4. Set up a book club.

Usually, when you think of a book club, it’s an out-of-work activity where a group of friends gather to discuss a novel they’ve all read together. However, this concept can also be used to help employees develop on-the-job knowledge.

The books you select should encourage your team to grow professionally and personally. Or, you can choose according to what your team is interested in.

After you’ve found a book, give everyone ample time to read it. Everyone can then gather to discuss the book and how to apply its tactics to their own lives.

5. Schedule lunchtime speakers.

A lunch break is unavoidable during an eight-hour workday.

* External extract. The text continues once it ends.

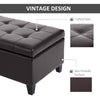 Storage Ottoman Bench, Foot Rest with Solid Wood Legs, 51 Inches PU Leather Storage Chest for Living Room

While your team eats, why not give them a chance to strengthen or develop new skills?

Whether the speaker is from inside or outside the company, a lunch-and-learn brings your team together. The possibilities for topics that would bolster staff education are endless; just make sure your team has a say in terms of content and speakers.

6. Implement the 70/20/10 rule.

To maximize learning and growth, experts suggest acquiring three types of experience based upon a ratio of:

  • 70% challenging experiences and assignments
  • 20% developmental relationships
  • 10% coursework and training

A key takeaway from this rule is that relationships are the foundation of social learning. Studies also show that when individuals learn together, they learn more effectively. As such, you should tap into the power of group learning opportunities.

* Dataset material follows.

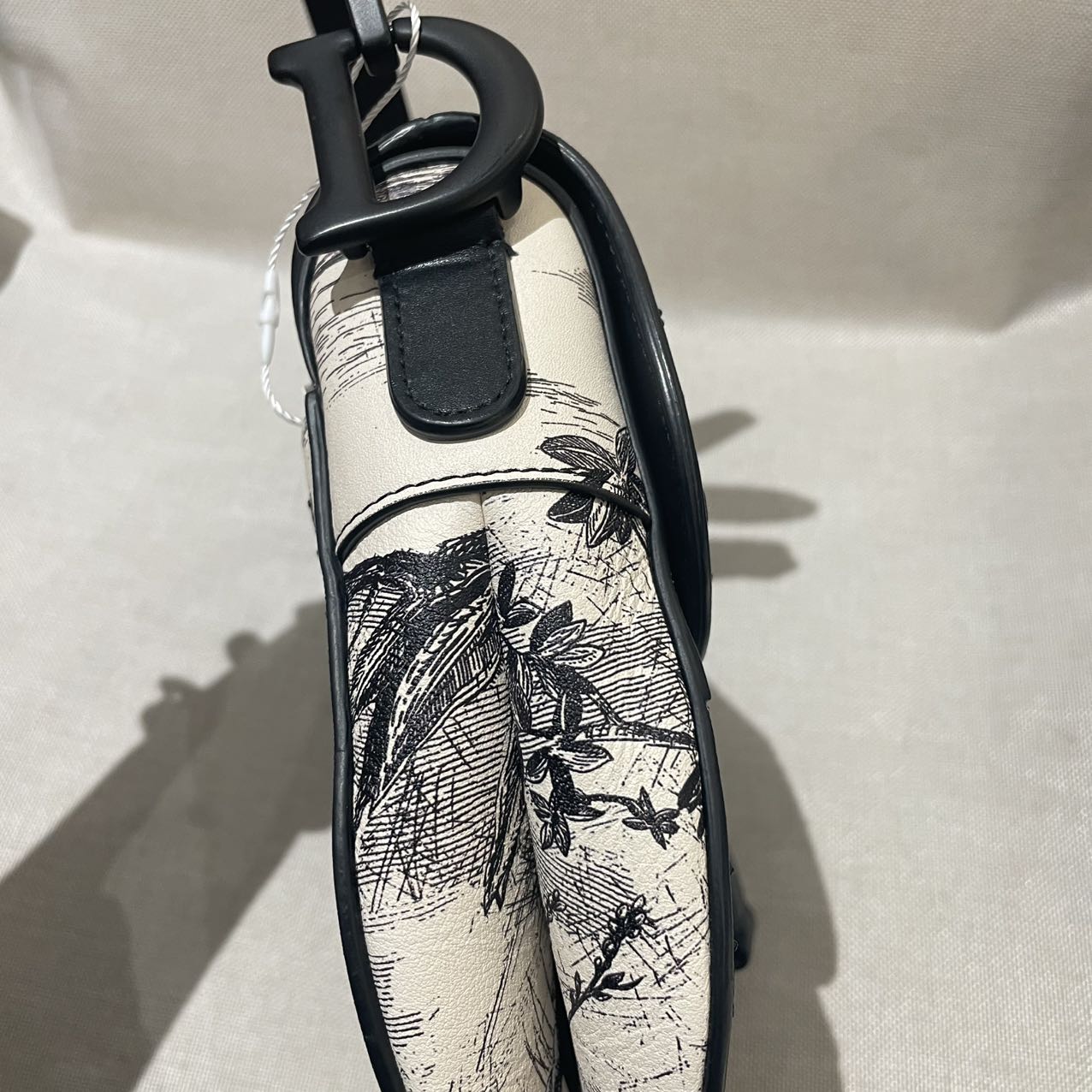 Pre-owned Certified Dior Medium Saddle in White Calfskin with Black Tropical Embroidery, with So Black Hardware, 2019, w/ dust bag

7. Let employees choose their own adventure.

Are there industry events, workshops, webinars, or online classes your team members want to attend? Could you encourage them to participate? Even if you don’t have the resources to cover all of their expenses, you could grant them a more flexible schedule so that they can attend.

In addition to covering the latest industry trends and honing their skills, these events also present priceless networking opportunities. Review the speaker list and content topics before giving them the green light. It’s a simple way to ensure that your team members aren’t wasting their time.

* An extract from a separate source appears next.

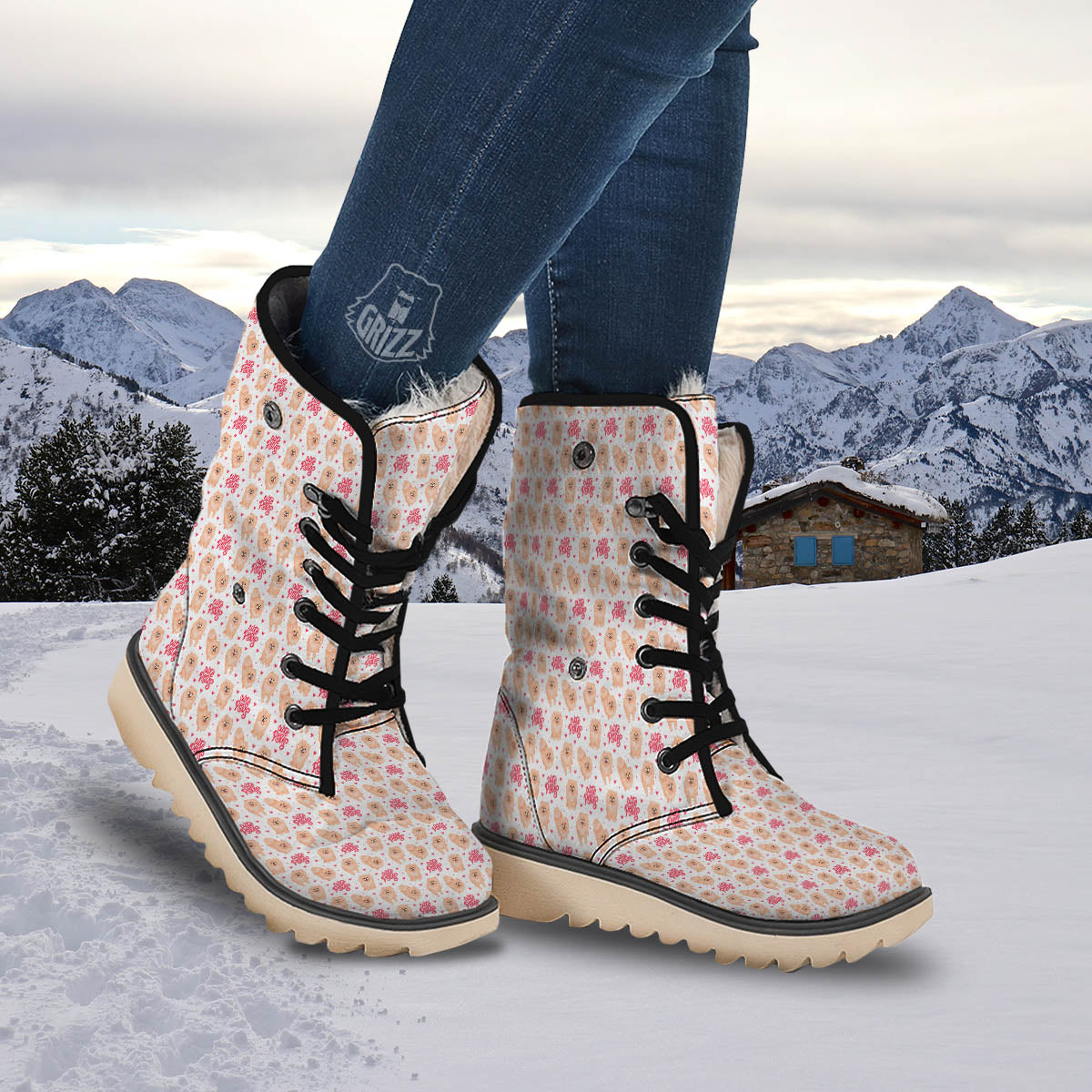 Pomeranian Cartoon Print Pattern Snow Boots-grizzshop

8. Organize a library of resources.

When employees know that relevant resources are readily available, they’re more inclined to try out a book or course. With that in mind, provide a professional development library on your intranet or somewhere else easily accessible.

Books, podcasts, videos, e-books and training manuals that focus on building skills specific to your industry should be included. You might also include guides written by senior management or other industry leaders.

Another option is to provide subscriptions to popular industry publications or online learning platforms.

9. Create a corporate Toastmasters club.

Toastmasters training can help employees learn how to run meetings, practice better time management, improve their listening skills, and, of course, strengthen public speaking skills.

You can create your own corporate Toastmasters Club by following these five steps:

  • First, find at least 20 people over the age of 18 who want to join.
  • Designate and secure a meeting location.
  • Fill out and submit the requisite new club forms to World Headquarters.
  • Fill out the Start a Club form and request more information.
  • Download a copy of How to Build a Toastmasters Club, a step-by-step guide to growing a successful club.

Doing hands-on tasks (e.g., giving speeches or taking on various meeting roles), these club meetings develop communication and leadership skills in members.

10. Recognize learning as a significant achievement.

Businesses reward what they value. Despite this, so many businesses don’t encourage continuing education and learning.

The answer? You need to demonstrate an actual appreciation for learning.

There is no question that results matter. For example, a measurable ROI would be if an online course boosted employee productivity. First, however, your team must recognize learning as a substantive achievement so that they’ll be motivated to continue learning.

One idea would be to reward learning by presenting completion certificates to these team members in front of everyone else. Another would be constructing an “achievement wall.” Or, you could reward them with vouchers, small gifts or paid time off.